In an interview with Fox News on Saturday, Crocker said, “Talking to the Taliban without the Afghan government in the room was a huge mistake. Because if we’re talking to the Taliban and the Afghan government isn’t involved, we are delegitimizing the government that we have supported at such cost of blood and treasure for years.”
Crocker, who served as ambassador to Afghanistan from 2011 to 2012 stated that US should not be willing to make an agreement on the Taliban’s terms.
“We’ll need to return to some kind of political process but it will have to be on a very different basis, it will have to have the Afghan government up front.” Crocker said, “If the Taliban won’t deal with that then we are just going to have to wait until they are ready to deal.”
“Remember that Afghanistan gave us the worst disaster we have seen on American soil in our entire history, we do not want to hand it back to the people who did that,” said Crocker.

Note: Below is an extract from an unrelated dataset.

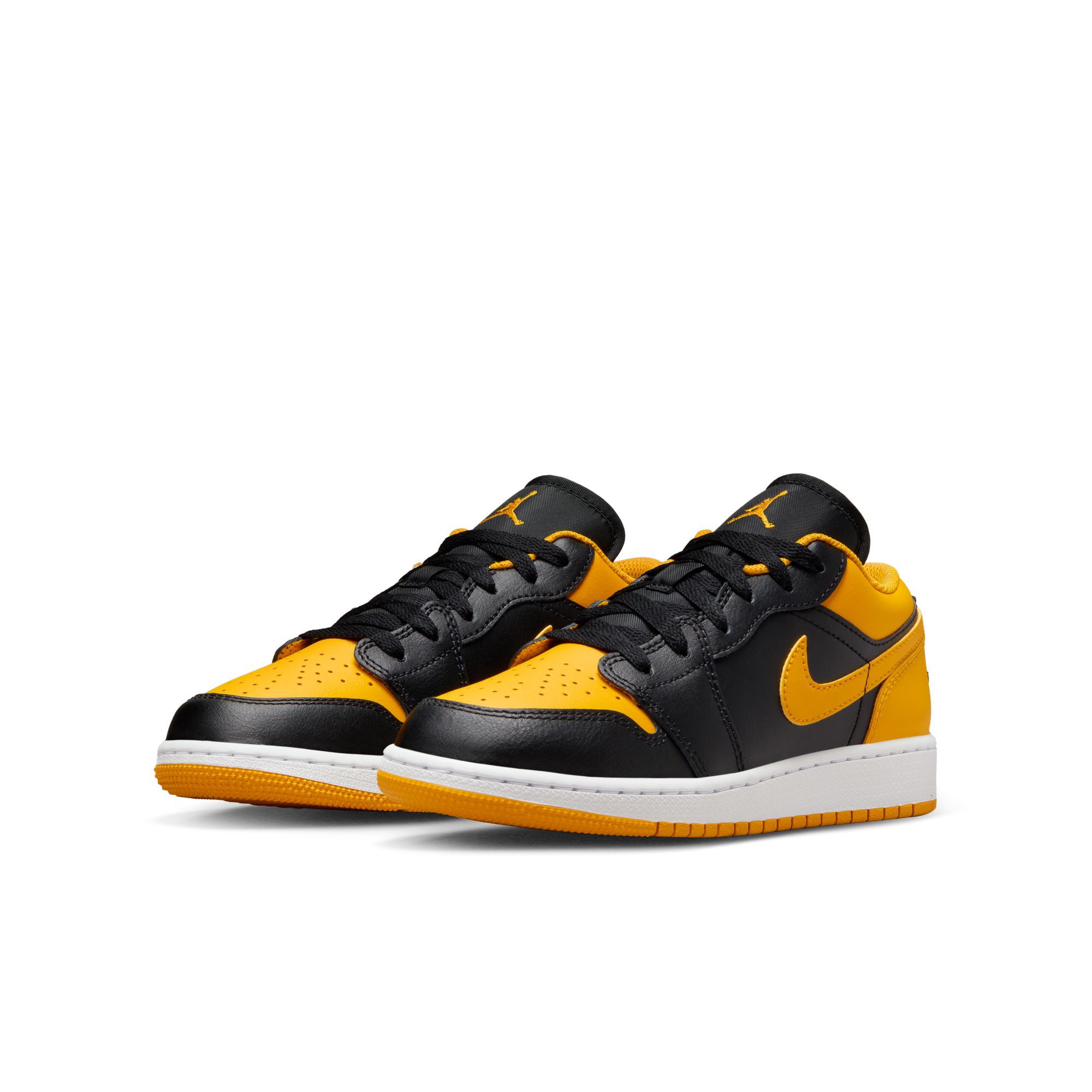 Air Jordan 1 Low, Negro/Blanco/Amarillo ocre, hi-res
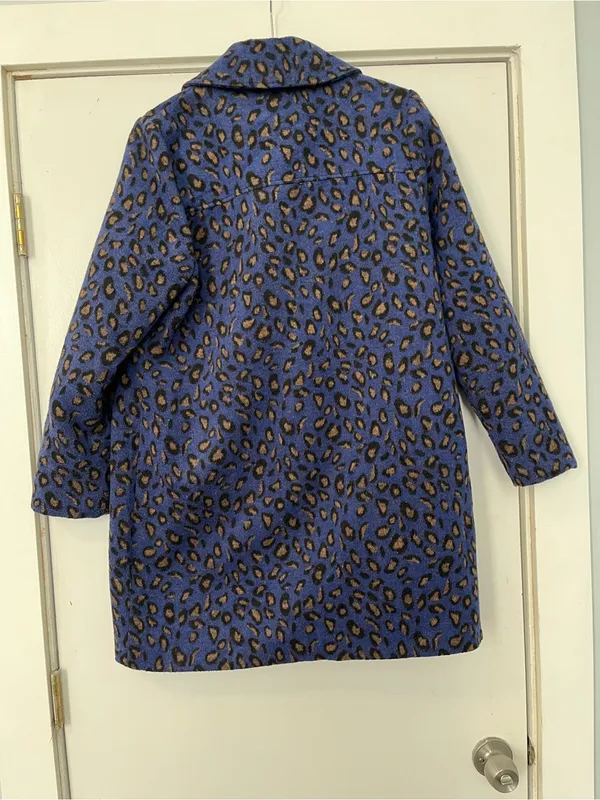 Adyson Parker Blue Leopard Print Pea Coat cheetah size large jacket - Image 5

Previously, Nine former U.S. ambassadors have warned that Afghanistan could collapse in a “total civil war” if the United States withdraws its forces before a “real” peace deal involving the Kabul government is reached with the Taliban.
“A major troop withdrawal must be contingent on a final peace” and “should follow, not come in advance, of [a] real peace agreement,” the former diplomats said in a joint statement released on September 3 by the Atlantic Council think tank.
“The initial U.S. drawdown should not go so far or so fast that the Taliban believe they can achieve military victory,” they said.
About 20,000 foreign troops, most of them American, are now in Afghanistan as part of a U.S.-led NATO mission to train, assist, and advise Afghan forces. Some U.S. forces carry out counterterrorism operations.
The Taliban have refused official talks with Afghan President Ashraf Ghani’s government, and the nine former U.S. officials cautioned against any action that would undercut the Western-backed government in Kabul.